Se la memoria ha ancora un valore, ricordiamo che il piano di cosiddetta decarbonizzazione presentato dal ministro Urso non è tanto dissimile rispetto a quello presentato a marzo 2020 dal Governo Conte II per tramite dei Ministri Gualtieri e Patuanelli.

Piano Conte II – Patuanelli-Gualtieri:

  • Prima fase: 8 milioni di t/a di acciaio prodotte a ciclo integrato.
  • Seconda Fase: (dal 2025) 5,6 milioni di t/a da ciclo integrato e 2,4 milioni di t/a da 2 DRI (alimentati a gas metano) + 1 EAF.
  • Fase finale (dal 2030): 8 milioni di t/a di acciaio prodotte da 4 impianti di DRI + 4 forni elettrici ad arco (EAF) con un possibile impiego di idrogeno verde in mix 80%-20% con gas metano nel forno di pre riduzione e 100% idrogeno nei bruciatori.
    Dai 4200 ai 5200 lavoratori in esubero rispetto agli attuali 10.700 (inclusivo delle 1.500 risorse attualmente in CIGO).
  • Fonte dati: Struttura commissariale ILVA in a.s.

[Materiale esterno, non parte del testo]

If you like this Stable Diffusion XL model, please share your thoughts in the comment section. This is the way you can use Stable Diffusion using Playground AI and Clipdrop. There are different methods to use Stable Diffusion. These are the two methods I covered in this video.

N.B. per proposta dell’ex sottosegretario Turco era previsto anche un ulteriore dissalatore sul Tara ad esclusivo utilizzo dell’ex Ilva in sostituzione della prescrizione AIA che prevedeva il riutilizzo per fini irrigui dei reflui depurati dei depuratori Bellavista-Gennarini per liberare l’acqua “Sinni”, potenzialmente potabile e ad oggi utilizzata dal siderurgico.

Piano Meloni-Urso (Fdi,FI, Lega):

  • Prima fase: 6 milioni di t/a a ciclo integrato.
  • Fase finale (piano A): 6 milioni di t/a con 3 impianti di DRI + 3 forni elettrici + 1 DRI a servizio degli impianti del resto del Paese. Il DRI prodotto sarà pari a 10 milioni di t/a. CCS per cattura CO2 su DRI in loco. Nuova centrale elettrica più potente dell’attuale.
  • Fase finale (piano B alternativo al piano A): 6 milioni di t/a da 3 forni elettrici. Nuova centrale elettrica più potente dell’attuale.
  • Fonte dati: Acciaierie d’Italia in a.s.

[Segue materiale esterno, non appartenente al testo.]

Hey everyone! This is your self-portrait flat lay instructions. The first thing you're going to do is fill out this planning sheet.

N.B. In campo occupazionale Urso ha sempre evitato di dare cifre sul numero dei lavoratori da impiegare nel futuro assetto maldestramente chiamato “green” ma visto la similitudine del piano che tra l’altro prevede un forno elettrico in meno rispetto a quello di Conte II, gli esuberi potrebbero essere addirittura maggiori.

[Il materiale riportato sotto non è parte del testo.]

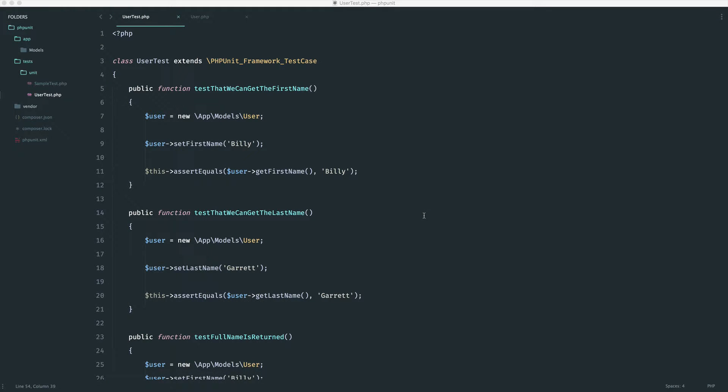So then, just as a little breather, we're going to look at how we can make these test methods a little bit cleaner, a little bit easier to read. And this is just how I prefer to do things.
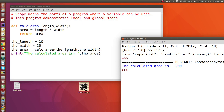Even though you can use the same name for your arguments as your parameters, it's probably a good idea to use different names for your arguments that are sent to your parameters, to avoid confusion and make clear which values are sent to which variables.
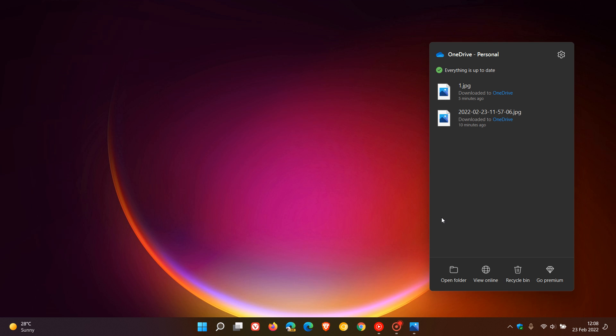Now, I did notice that this was an overnight update on my system and was not an update that was part of a major update to OneDrive.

FABBISOGNO ENERGETICO NELLA FASE FINALE DELLE PROPOSTE:

  • Piano Conte II:
    1,3 mld (miliardi) di Nmc di gas metano,
    6,4 mld di Nmc di idrogeno,
    8 TWh/a di energia elettrica da rete.
    Non è stata dichiarata dal Governo Conte II la quantità di energia verde necessaria per produrre idrogeno ma sono andato a calcolarla ed essa è compresa in un range tra i 25 e i 28,8 TWh annui, vi spiegherò il perchè più tardi.
  • Piani Urso:
    Piano A:
    5,1 mld Nmc di gas metano,
    7,6 TWh di energia elettrica interamente prodotta da una nuova centrale elettrica turbogas nel perimetro Ilva.
    Piano B:
    1,3 mld Nmc di gas metano.
    5,4 TWh annui di energia elettrica interamente prodotta da nuova centrale elettrica turbogas nel perimetro Ilva.

CRITICITA’

  • piano Conte II:
    1) L’impossibilità di produrre 6,4 miliardi Nmc di idrogeno verde per l’ex Ilva.
    Per produrre 1 Nmc di idrogeno (più o meno 90 grammi) servono circa tra i 4 e i 5 KWh di energia elettrica (dipende dall’efficienza degli elettrolizzatori) e 72 cl di acqua dolce. Per produrre la quota di 6,4 miliardi di Nmc di idrogeno verde all’anno occorrerebbero tra i 25 e i 28,8 TWh annui da fonti rinnovabili che è un quantitativo enorme, più del doppio dell’attuale produzione di energia rinnovabile in Puglia (12,2 TWh/a nel 2024) e 5,1 miliardi di mc di acqua dolce, difficilmente reperibile sia tecnicamente, sia economicamente. Per l’enorme approvvigionamento energetico non vi furono ipotesi da parte del Governo Conte II che ha sempre evitato questo argomento, perché tutti gli addetti ai lavori a Roma si rendevano conto di quanto impossibile fosse l’impresa.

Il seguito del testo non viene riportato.